# Aim of the task
What is needed is a faithful copy of all the entries, with no pictures in it.

# Given records
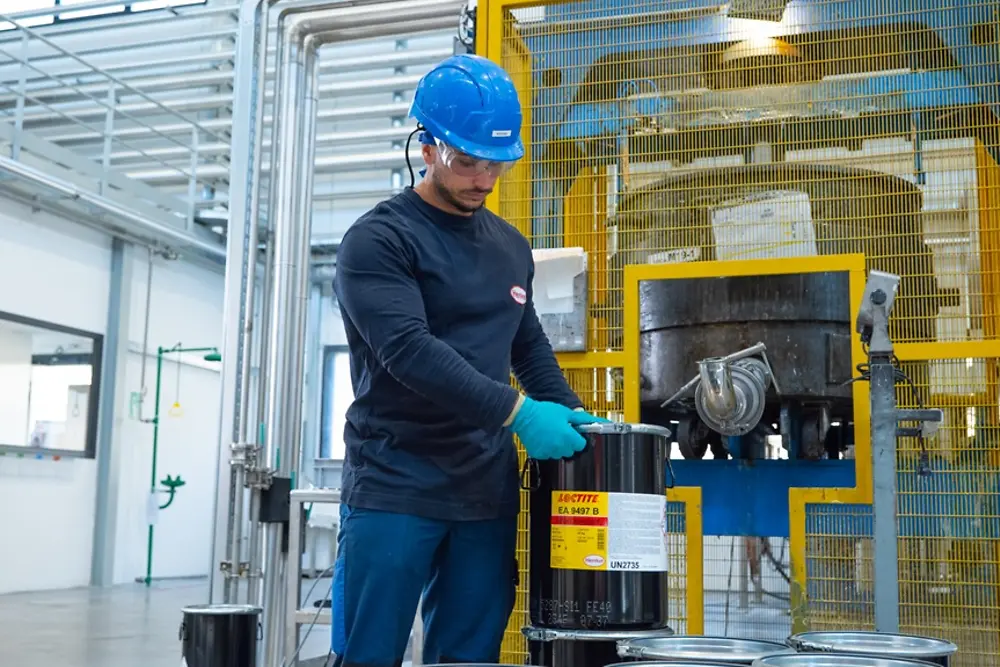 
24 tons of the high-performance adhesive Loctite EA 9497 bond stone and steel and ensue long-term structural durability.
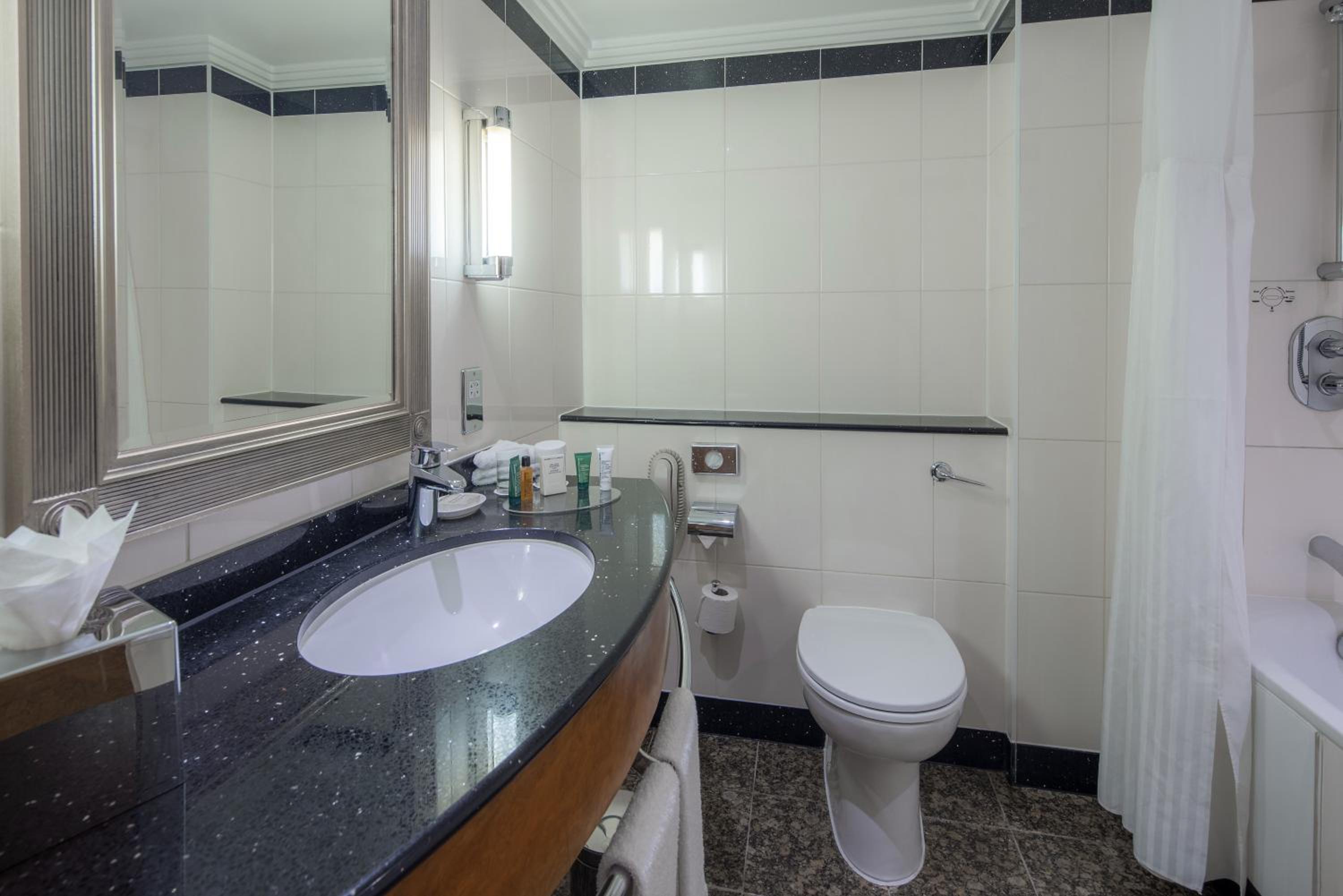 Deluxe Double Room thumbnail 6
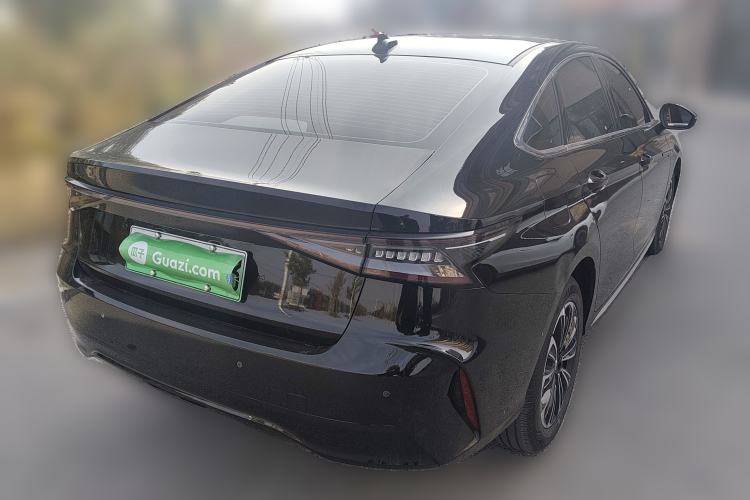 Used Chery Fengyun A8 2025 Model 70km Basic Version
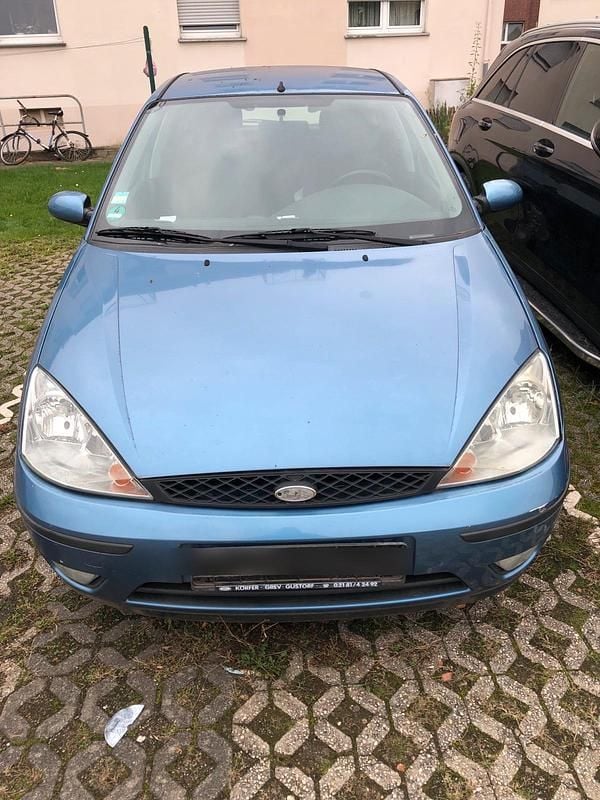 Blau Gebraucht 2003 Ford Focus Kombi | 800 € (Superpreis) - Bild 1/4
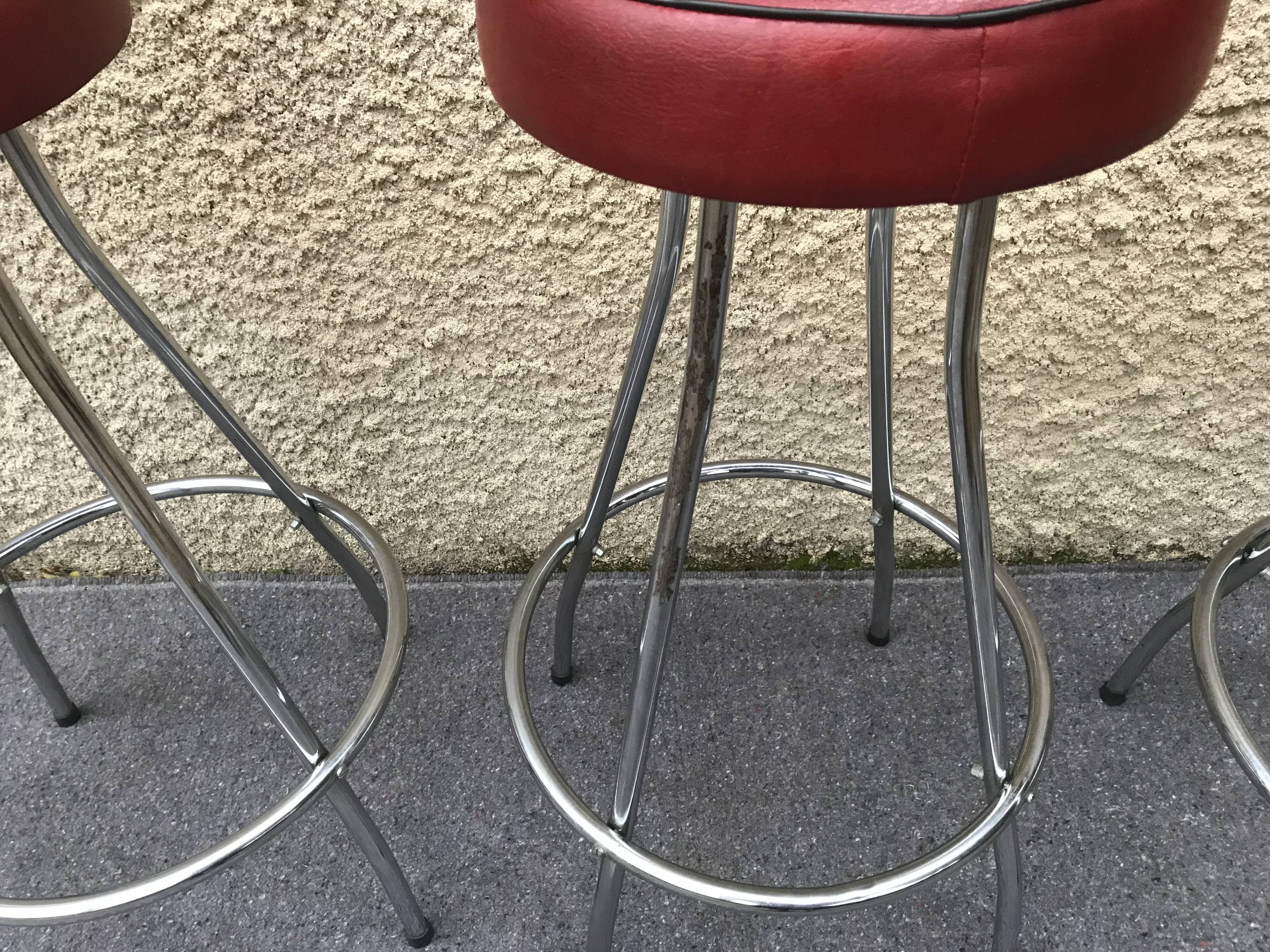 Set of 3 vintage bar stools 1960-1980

# Solved problem
24 tons of the high-performance adhesive Loctite EA 9497 bond stone and steel and ensue long-term structural durability.
 Deluxe Double Room thumbnail 6
 Used Chery Fengyun A8 2025 Model 70km Basic Version
 Blau Gebraucht 2003 Ford Focus Kombi | 800 € (Superpreis) - Bild 1/4
 Set of 3 vintage bar stools 1960-1980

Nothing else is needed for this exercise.